Collection entries:
+++++

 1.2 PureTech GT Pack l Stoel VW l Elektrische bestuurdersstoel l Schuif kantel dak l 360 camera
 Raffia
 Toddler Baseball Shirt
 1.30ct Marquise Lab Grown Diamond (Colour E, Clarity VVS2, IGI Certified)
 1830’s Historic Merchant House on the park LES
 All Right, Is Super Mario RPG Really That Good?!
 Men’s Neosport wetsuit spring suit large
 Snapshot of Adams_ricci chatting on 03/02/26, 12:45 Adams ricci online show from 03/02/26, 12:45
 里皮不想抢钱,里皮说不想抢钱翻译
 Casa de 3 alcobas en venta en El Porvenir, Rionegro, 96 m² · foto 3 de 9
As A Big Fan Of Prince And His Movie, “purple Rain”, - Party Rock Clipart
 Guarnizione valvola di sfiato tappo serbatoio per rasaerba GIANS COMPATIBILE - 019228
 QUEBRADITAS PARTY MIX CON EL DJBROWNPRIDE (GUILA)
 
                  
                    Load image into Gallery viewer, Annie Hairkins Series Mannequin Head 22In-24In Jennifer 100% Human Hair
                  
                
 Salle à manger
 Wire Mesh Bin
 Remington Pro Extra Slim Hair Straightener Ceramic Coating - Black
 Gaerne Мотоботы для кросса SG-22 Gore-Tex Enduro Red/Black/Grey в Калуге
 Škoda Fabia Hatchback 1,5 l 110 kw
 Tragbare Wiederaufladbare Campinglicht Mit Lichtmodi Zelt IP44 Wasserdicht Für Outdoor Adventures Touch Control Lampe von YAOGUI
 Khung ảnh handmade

+++++

TASK DETAILS: Repeat the records exactly, including every line.

TASK ANSWER:
 1.2 PureTech GT Pack l Stoel VW l Elektrische bestuurdersstoel l Schuif kantel dak l 360 camera
 Raffia
 Toddler Baseball Shirt
 1.30ct Marquise Lab Grown Diamond (Colour E, Clarity VVS2, IGI Certified)
 1830’s Historic Merchant House on the park LES
 All Right, Is Super Mario RPG Really That Good?!
 Men’s Neosport wetsuit spring suit large
 Snapshot of Adams_ricci chatting on 03/02/26, 12:45 Adams ricci online show from 03/02/26, 12:45
 里皮不想抢钱,里皮说不想抢钱翻译
 Casa de 3 alcobas en venta en El Porvenir, Rionegro, 96 m² · foto 3 de 9
As A Big Fan Of Prince And His Movie, “purple Rain”, - Party Rock Clipart
 Guarnizione valvola di sfiato tappo serbatoio per rasaerba GIANS COMPATIBILE - 019228
 QUEBRADITAS PARTY MIX CON EL DJBROWNPRIDE (GUILA)
 
                  
                    Load image into Gallery viewer, Annie Hairkins Series Mannequin Head 22In-24In Jennifer 100% Human Hair
                  
                
 Salle à manger
 Wire Mesh Bin
 Remington Pro Extra Slim Hair Straightener Ceramic Coating - Black
 Gaerne Мотоботы для кросса SG-22 Gore-Tex Enduro Red/Black/Grey в Калуге
 Škoda Fabia Hatchback 1,5 l 110 kw
 Tragbare Wiederaufladbare Campinglicht Mit Lichtmodi Zelt IP44 Wasserdicht Für Outdoor Adventures Touch Control Lampe von YAOGUI
 Khung ảnh handmade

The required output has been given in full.